Purtroppo però, con l’irrompere della crisi finanziaria, il rating ha dimostrato tutti i suoi difetti. Le agenzie di credito infatti hanno quasi sempre abbassato il voto dopo che i problemi erano già emersi. Inoltre il rating è stato lo strumento che più di ogni altro ha tradito la fiducia dei risparmiatori, dimostrando assenza di trasparenza e affidabilità, parzialità e soprattutto conflitti di interesse delle società che formulavano il rating stesso. Tanto che oggi si può affermare che i rating emessi prima della crisi
non erano altro che un’accozzaglia di numeri falsi e sbagliati, attraverso i quali la speculazione ha stravolto la stabilità del sistema.
Ciò che è accaduto non ha fatto tuttavia scomparire i rating, che vengono tuttora emessi, peraltro sempre dalle stesse società. Comunque i parametri per la valutazione del merito del credito, ad esempio di ogni singolo Stato, sono stati ampliati, ed al rating i mercati gli hanno concesso una fiducia solo a metà. Infatti al rating sono stati affiancati altri parametri per valutare il rischio di uno Stato, che tengono conto di variabili prima non considerate e che di conseguenza danno più credibilità alle indagini sul merito di credito degli Stati.
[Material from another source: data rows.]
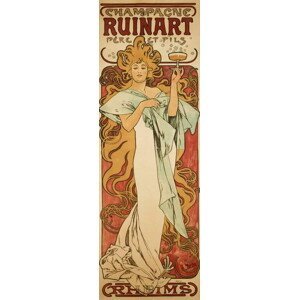 Mucha, Alphonse Marie - Obrazová reprodukce Champagne Ruinart, 1896, (20 x 60 cm)
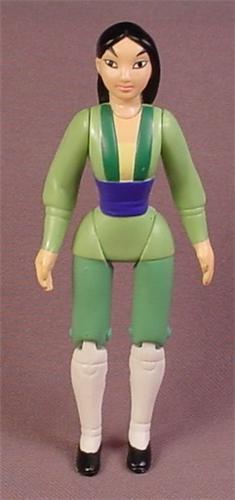 Disney McDonalds Warrior Mulan Action Figure, 4 1/4 Inches Tall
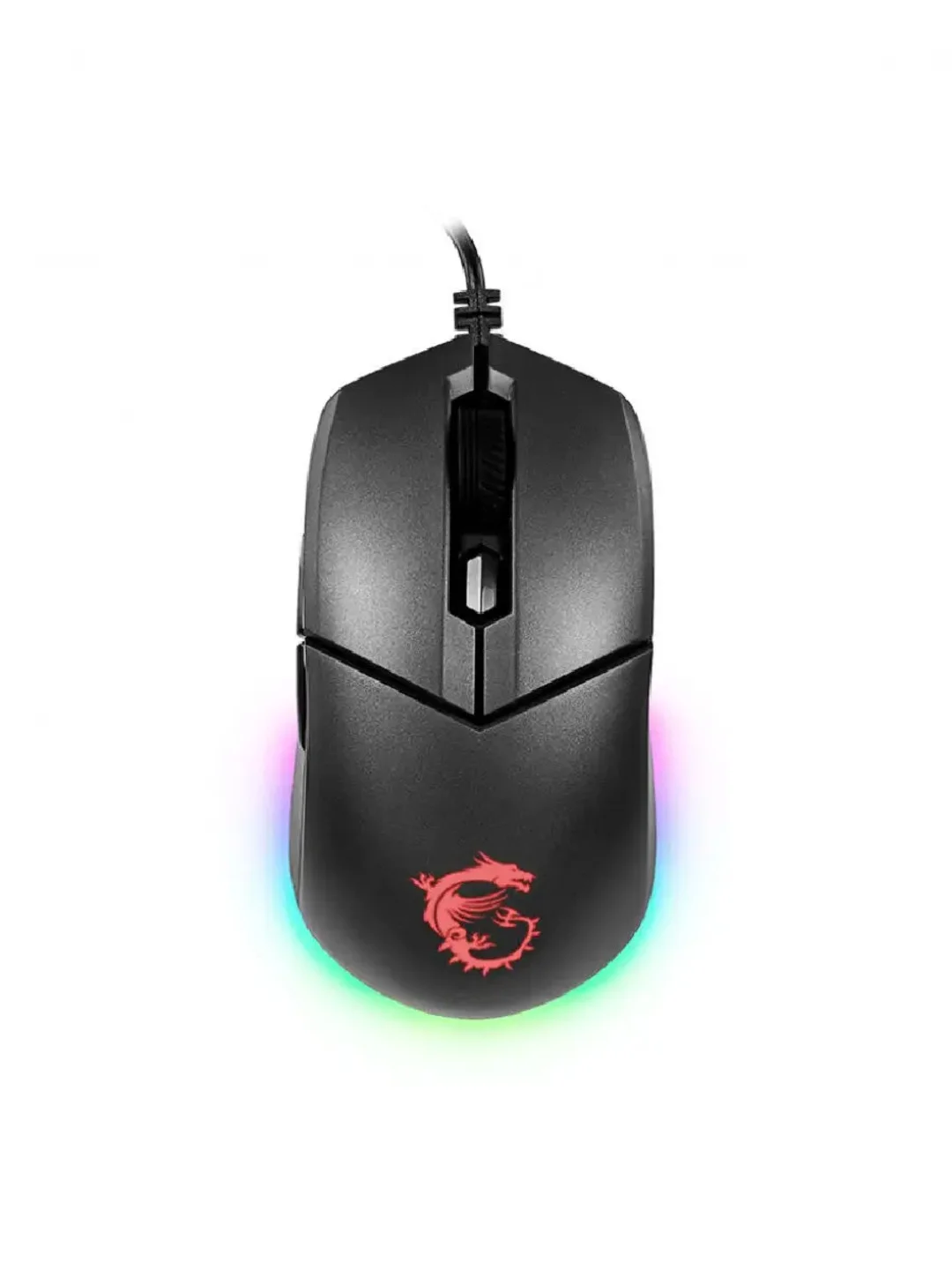 Черный мышь компьютерная MSI Clutch GM11, мышка с подсветкой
In ogni caso, quando si prende in considerazione il rating, è bene tenere presente che, secondo un studio di Standard & Poor’s pubblicato recentemente, gli emittenti sovrani con voto investment grade (cioè con rating dalla tripla B in su), presentano un rischio di insolvenza, relativo al periodo 1975-2009, quasi nullo, mentre gli emittenti sovrani dell’area speculative grade (cioè con rating inferiori alla tripla B) , sempre nello stesso periodo, hanno presentato un rischio di insolvenza di circa il 30%. Ovviamente è da considerare che queste statistiche si riferiscono a periodi passati e quindi presentano i limiti di ripetibilità propri di tutte le analisi fatte in momenti successivi.